The Plague Year Begins and Half Life: Two Poems

The Plague Year Begins
Outside the world blooms without us
as we picnic alone on whatever was left
when the sirens started a burning in the lungs.
How the world creeps inside our bodies
smaller than ghosts is the vapid air stealing.
They pretended it was not a field of bodies
and so the bodies went away, stolen.
Bodies, bodies still kissing, locked
in the heat of houses, rows of votives
all along the street, remembering
what to do with our bodies when
the world is blooming bright as a picnic
as the sky falls around us, a series of petals
littering the earth with bits of before.

Half-life
What I mean is how chill marble
echoes through my palm for days
shivers up the piano’s spine
broad scale of summoned rain
hard edge of a long frost
on the fifth morning my window
shut tight for months though
the sparrows call and call.
What I mean is your face
is a lantern but light never lasts.
What I mean is a puddle
of mercury in the dust
but you must not touch
because beauty is madness.
What I mean is the gnawed bone
of constant worry gristle stuck
in my sleepless throat, waking
hunger, the aluminum heft
of the apple press churning
the prickle sting of blister
starting tender on my thumb
and the knocking from the closet
every time I drain the tub.
Because the shoreline is empty
I keep pushing forward
how a volunteer will push up,
lone zinnia leaning among the mint.
What I mean is the slow ribbon of afternoon
sudden tug of evening surrender
to clean cotton wool heft of blanket,
tenterhook roots of ivy reaching
to grip apart the mortar, climb
apart the future and tumble the brick
into the hollow space between
each hammer of my heart.
What I mean is I walk in graveyards
because there is something inside me
only the dead can understand.

Click here to read Ann V. DeVilbiss on the origin of the poems.

 

Image: “Picnic Table” by Jennifer C., licensed under CC 2.0.

Ann V. DeVilbiss:

For “A Plague Year Begins”

The pandemic hit my small Midwestern city right when spring hit too, and the contrast between the news of mass graves, ventilator scarcity, and profound human suffering was in eerie contrast to how beautiful the world seemed on my daily walks, exploding with petals and blooms.
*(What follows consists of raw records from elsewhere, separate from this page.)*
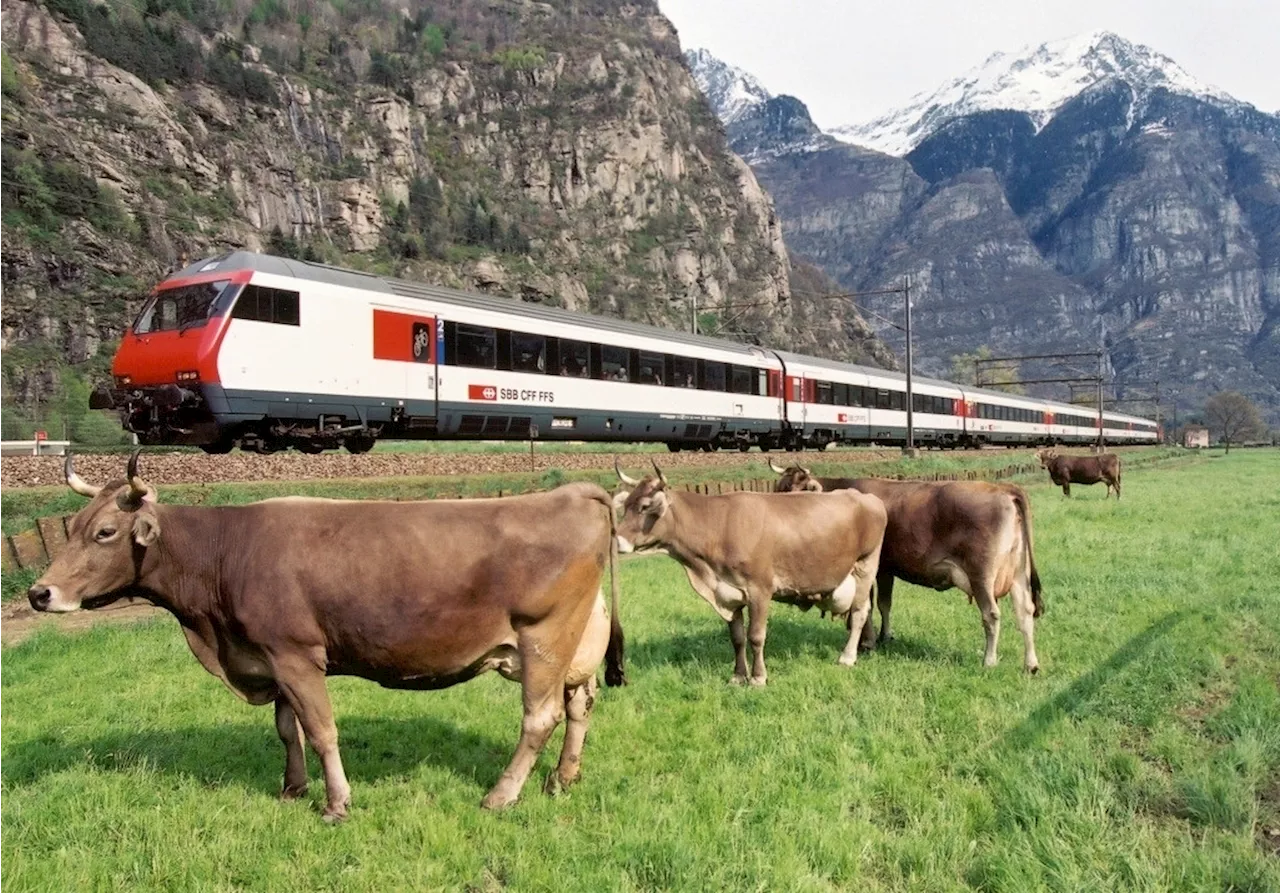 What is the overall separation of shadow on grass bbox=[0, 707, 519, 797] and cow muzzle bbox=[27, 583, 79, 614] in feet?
4.50

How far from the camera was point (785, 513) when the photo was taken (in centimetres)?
771

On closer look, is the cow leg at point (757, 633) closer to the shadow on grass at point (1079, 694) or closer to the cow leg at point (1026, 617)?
the shadow on grass at point (1079, 694)

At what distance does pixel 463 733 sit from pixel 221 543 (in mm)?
2241

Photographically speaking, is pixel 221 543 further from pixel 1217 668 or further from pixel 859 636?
→ pixel 1217 668

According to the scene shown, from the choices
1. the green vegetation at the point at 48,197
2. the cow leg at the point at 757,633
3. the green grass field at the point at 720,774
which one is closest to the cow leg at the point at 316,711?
the green grass field at the point at 720,774

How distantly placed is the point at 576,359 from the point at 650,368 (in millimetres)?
3214

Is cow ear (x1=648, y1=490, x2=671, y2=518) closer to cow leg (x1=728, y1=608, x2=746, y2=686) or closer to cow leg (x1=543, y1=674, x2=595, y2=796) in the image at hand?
cow leg (x1=728, y1=608, x2=746, y2=686)

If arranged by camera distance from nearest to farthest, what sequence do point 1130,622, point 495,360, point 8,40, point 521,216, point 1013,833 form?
point 1013,833 → point 1130,622 → point 495,360 → point 8,40 → point 521,216

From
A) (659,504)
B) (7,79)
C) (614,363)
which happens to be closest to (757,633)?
(659,504)

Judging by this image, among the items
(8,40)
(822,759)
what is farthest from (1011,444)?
(8,40)

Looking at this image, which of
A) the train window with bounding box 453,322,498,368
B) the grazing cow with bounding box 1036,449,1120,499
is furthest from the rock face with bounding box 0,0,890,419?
the train window with bounding box 453,322,498,368

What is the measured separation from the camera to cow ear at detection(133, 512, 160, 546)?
4.59 m

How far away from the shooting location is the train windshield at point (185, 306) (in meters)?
14.7

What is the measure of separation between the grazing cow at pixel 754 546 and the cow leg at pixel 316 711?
3010 mm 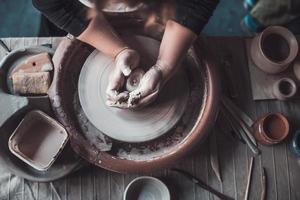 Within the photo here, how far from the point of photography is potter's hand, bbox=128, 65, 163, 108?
1.37 metres

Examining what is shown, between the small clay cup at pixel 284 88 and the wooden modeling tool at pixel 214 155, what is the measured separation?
10.2 inches

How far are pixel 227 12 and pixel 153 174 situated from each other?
37.2 inches

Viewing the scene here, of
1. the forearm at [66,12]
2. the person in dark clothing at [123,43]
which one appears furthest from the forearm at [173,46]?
the forearm at [66,12]

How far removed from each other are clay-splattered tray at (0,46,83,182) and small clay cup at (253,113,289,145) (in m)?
0.59

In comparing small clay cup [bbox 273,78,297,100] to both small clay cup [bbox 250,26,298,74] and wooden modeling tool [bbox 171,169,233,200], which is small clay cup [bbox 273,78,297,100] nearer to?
small clay cup [bbox 250,26,298,74]

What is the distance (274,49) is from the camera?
5.49 ft

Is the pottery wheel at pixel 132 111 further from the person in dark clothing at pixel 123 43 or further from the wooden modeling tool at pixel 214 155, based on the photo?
the wooden modeling tool at pixel 214 155

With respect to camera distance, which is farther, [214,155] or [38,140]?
[214,155]

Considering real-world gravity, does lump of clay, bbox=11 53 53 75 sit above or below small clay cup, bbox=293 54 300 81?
below

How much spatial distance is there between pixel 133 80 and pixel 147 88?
0.06m

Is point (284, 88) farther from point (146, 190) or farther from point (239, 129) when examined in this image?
point (146, 190)

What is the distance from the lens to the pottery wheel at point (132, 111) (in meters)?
1.46

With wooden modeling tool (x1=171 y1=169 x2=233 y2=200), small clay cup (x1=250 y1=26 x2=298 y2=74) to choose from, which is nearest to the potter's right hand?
wooden modeling tool (x1=171 y1=169 x2=233 y2=200)

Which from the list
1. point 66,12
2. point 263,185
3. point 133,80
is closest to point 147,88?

I am lucky to be happily partnered, and that physical closeness has helped me through these strange times of isolation, worry, and fear. Even if the world before was terribly flawed, it was at least familiar. The mourning is those we lost, but it’s also realizing how radically changed the world will be when we finally get to mass vaccination.

For “Half-Life”

I drafted this poem before the pandemic, but as I was editing it after things had started to cascade, it resounded in this new context as well. I have always liked walking in graveyards, where it is easy to consider death and think about how lives exist as small points in the contexts of larger histories. In our pandemic reality, I have also found that graveyards are the best outside spaces for social distancing, still relatively empty even when the parks are full of people. When I wrote this poem, I would sometimes touch the marble monuments to feel that deep cold they hold in spring, before the world has warmed back up. Now that touch is fraught, I look at the stone and remember the chill in my palms. Worry is eternal, even if the context changes. But the dead, at least, stay put.